Greycroft Partners Growth Fund Ends With Over $200M to Invest With.
A leading venture capital firm that specializes in Internet and mobile companies, Greycroft Partners, announced today the closing of its latest fund, Greycroft Growth. Greycroft Growth was substantially oversubscribed, but held to the original capped amount of $200 million.
“Greycroft Growth is part of a natural evolution for the firm to service our portfolio companies that have broken through and demonstrated a strong growth trajectory,” said Ian Sigalow, Partner and Co-Founder of Greycroft Partners. “The new fund also gives us the opportunity to invest in companies that we had followed previously, but could not invest in because of their larger size and later stage.”
Strategically placed in New York and Los Angeles, Greycroft has a strong network in the two largest cities in the United States. This benefits Greycroft companies by providing them privileged access to the largest media companies, retailers, brands, agencies, and financial institutions in the world.
Greycroft looks for cutting-edge innovation on a global basis, and approximately 90% of Greycroft’s companies are headquartered outside of Silicon Valley.

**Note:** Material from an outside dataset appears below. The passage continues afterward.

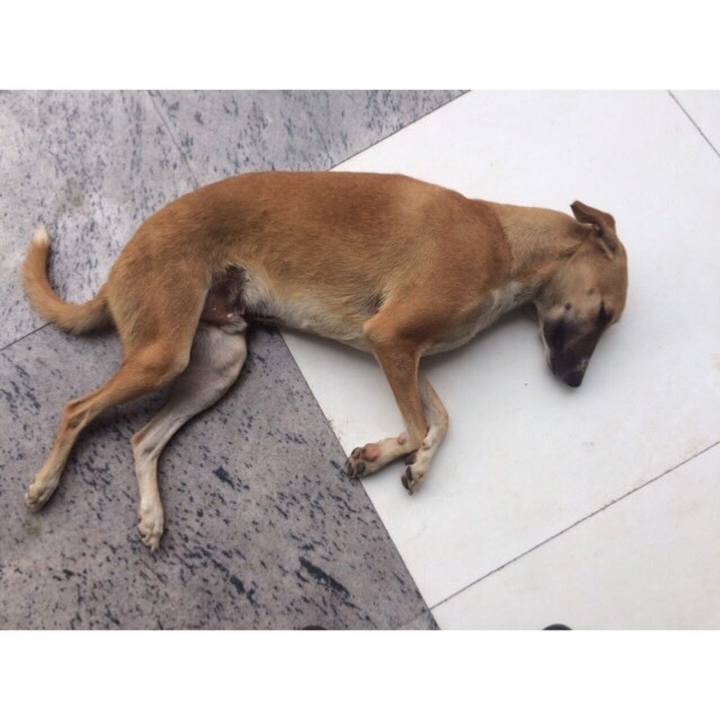 692a4280 dfdd 4759 93ae a15c226e07e2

In addition to its core markets, the firm has recently invested in companies based in Beijing, Reykjavik, Indianapolis, London, Minneapolis, Tokyo and Austin. Greycroft currently has 83 active portfolio companies that are headquartered in 36 cities and nine countries, employing over 5,000 people worldwide.

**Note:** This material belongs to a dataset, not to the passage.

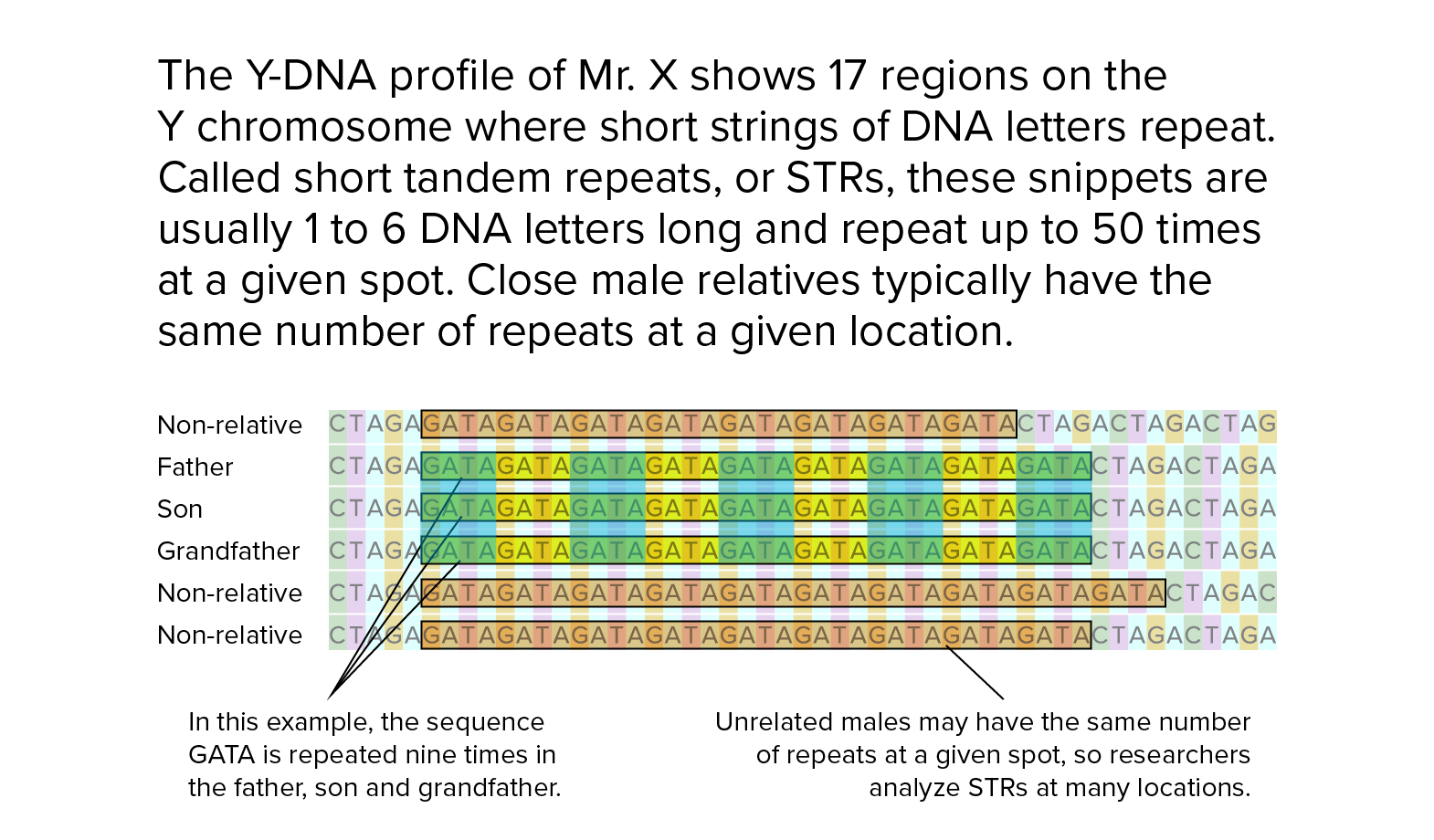 Genetics Extends The Long Arm Of The Law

Since its founding in 2006, Greycroft has had numerous successes:
- Greycroft I ($75 million, 2006 vintage fund) has returned more than 150% of committed capital to Limited Partners. According to the Cambridge Associates Index, it is the top performing venture fund of its vintage year. Notable exits include:
- Buddy Media, based in New York, which sold to Salesforce for $800 million in 2012
- M5 Networks, based in New York, which sold to Shoretel for $160 million in 2012
- Huffington Post, based in New York and Los Angeles, which sold to AOL for $315 million in 2011
- Greycroft II ($131 million, 2010 vintage fund) is also one of the top performing funds of its vintage year, according to the Cambridge Associates Index. Notable exits include:
- Maker Studios, based in Los Angeles, which sold to Disney for up to $950 million
- Klout, based in San Francisco, which sold to Lithium for $200 million in 2014
- Braintree, based in Chicago, which sold to PayPal for $800 million in 2013
- AwesomenessTV, based in Los Angeles, which sold to Dreamworks for up to $150 million
- Greycroft III ($175 million, 2013 vintage fund) is early but has made 12 core investments, three of which have already received follow on rounds at substantially higher valuations.

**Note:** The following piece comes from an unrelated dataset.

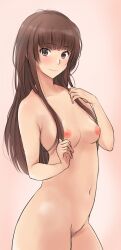 absurdres amagami bangs blunt_bangs breasts brown_background brown_eyes brown_hair cowboy_shot female highres kamizaki_risa long_hair looking_at_viewer nude pubic_hair simple_background small_breasts solo standing yoo_tenchi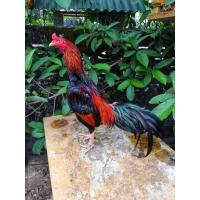 ราคา (คลิ๊ปพ่อพันธุ์)ไข่ไก่​ชน​พม่า​ม้าล่อรำวง​เมืองเหนือ​เจ้าลิงลอย (19703439702)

“We observed a trend when we started Greycroft in 2006 that innovation was no longer limited to a select few markets,” remarked Dana Settle, Co-Founder and Partner of Greycroft Partners. “Many of our biggest successes to date have been in markets outside of Silicon Valley and our first investment from Greycroft Growth is in AppAnnie which is based in Beijing.”
General Partners Alan Patricof, Dana Settle, and Ian Sigalow will be leading Greycroft Growth along with last year’s new Partner additions, Mark Terbeek and John Elton. Venture Partners Bo Peabody and Paul Bricault will also support the fund.
“We also anticipate hiring new investment professionals, specifically dedicated to the growth fund,” said Alan Patricof, Partner and Co-Founder of Greycroft Partners. “We are expanding the team to continue providing our companies with business development and recruiting across all stages of investment and in all markets around the world.”